Identification of Endoplasmic Reticulum Stress-related Genes for Predicting Prognosis, Immunotherapy Response, and Drug Sensitivity in Thyroid Cancer.

Abstract

ER stress has emerged as a promising target for cancer therapy. RNA sequencing data of patients with THCA were obtained from the TCGA database to identify differentially expressed genes associated with ER stress. Signature genes were selected through univariate Cox regression, LASSO, and multivariate Cox regression analyses. The predictive performance of the model was assessed using Kaplan-Meier survival analysis and ROC curves. GSEA was conducted to explore pathway enrichment between high-risk and low-risk groups. The immune landscape of risk groups was characterized using ssGSEA, ESTIMATE and CIBERSORT algorithms.

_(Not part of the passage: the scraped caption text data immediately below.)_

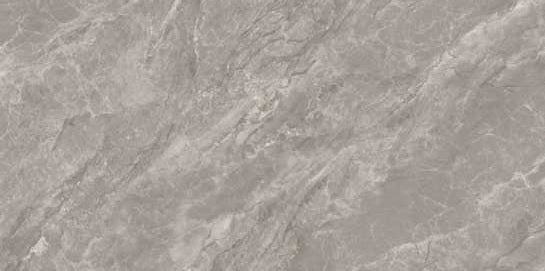 3225 MATT - SIMPOLO-TILES -  (  - PROZZO-MATT - 1200x600 mm - 48inchX24inch )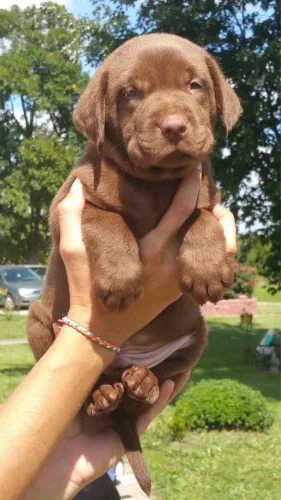 Labrador Retriever - Seu Lar Merece Uma Companhia Assim 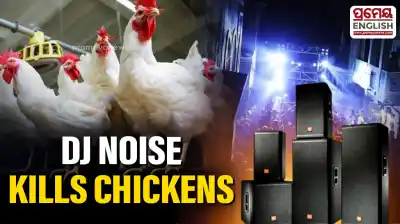 Farmer alleges Rs1.4 Lakh loss as DJ sound kills chickens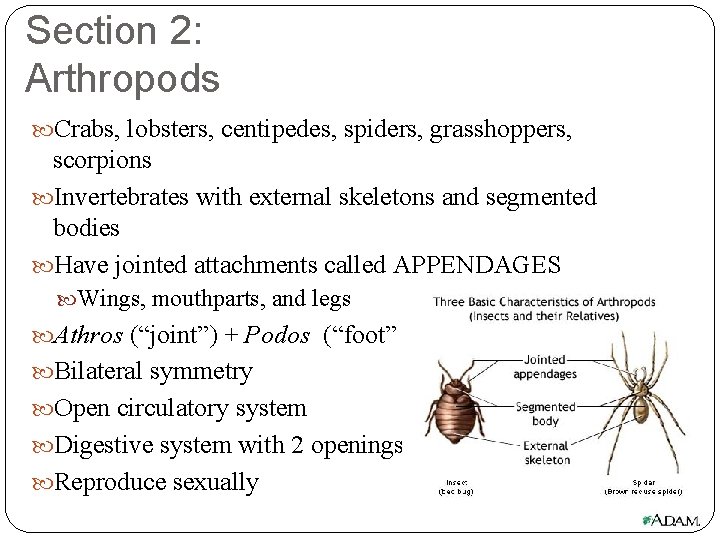 Section 2: Arthropods Crabs, lobsters, centipedes, spiders, grasshoppers, scorpions Invertebrates with external skeletons and
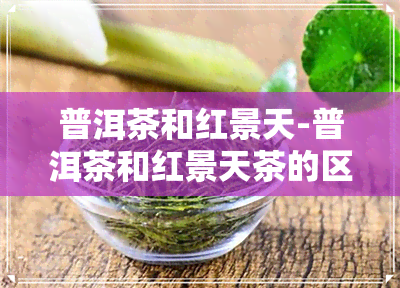 普洱茶和红景天-普洱茶和红景天茶的区别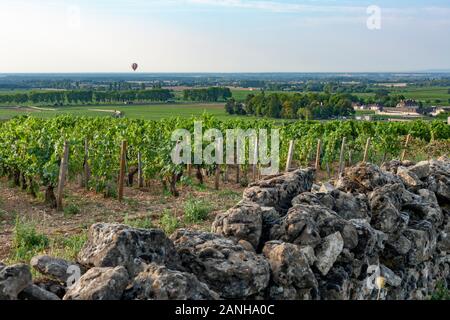 Vignes sur les pentes de la Bourgogne en France. Banque D'Images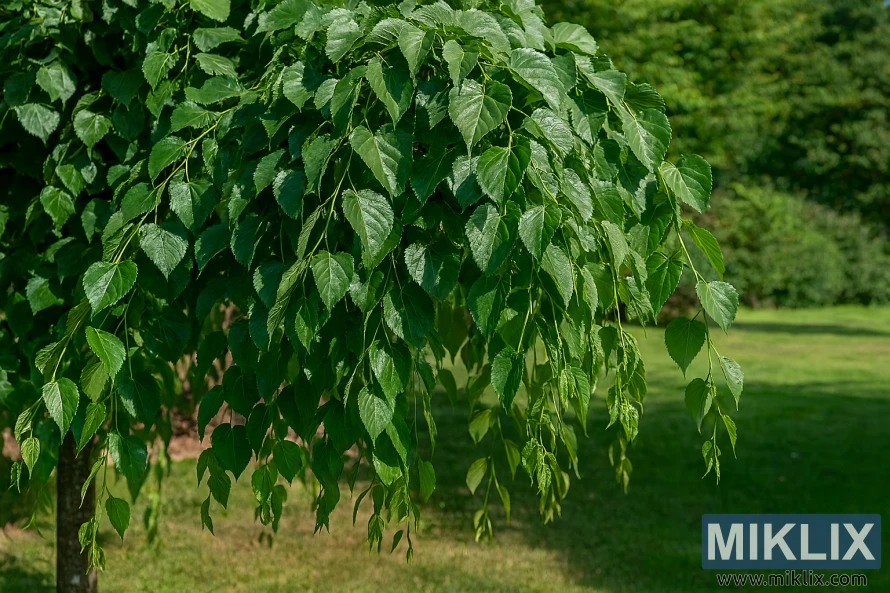 Krimlind i en hage, med blanke grønne blader og grasiøst hengende grentupper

Quantitative real-time PCR was employed to investigate the mRNA expression of the signature genes. Finally, immunotherapy response and potential drug sensitivity were evaluated. The prognostic model based on the signature genes ANK2, APOE, ERP27, FPR2, and NOS1, demonstrated robust predictive performance. GSEA results revealed distinct pathway enrichment patterns in the high-risk and low-risk groups. Furthermore, ssGSEA revealed that low-risk patients exhibited enhanced immune-related functions and increased immune cell infiltration. The RT-qPCR results revealed that in thyroid cancer cells, APOE and ERP27 expression levels were elevated, and ANK1, NOS1, and FPR2 expression levels were decreased. Immunotherapy, as well as Palbociclib and Perifosine, were predicted to be more effective for low-risk patients. Conversely, high-risk patients were more likely to benefit from Axitinib, Imatinib, Nilotinib, and Temsirolimus. This study identified 5 signature genes as potential biomarkers and therapeutic targets for THCA. These findings provide novel insights into the prognosis and targeted therapy of THCA, offering a foundation for furture clinical applications.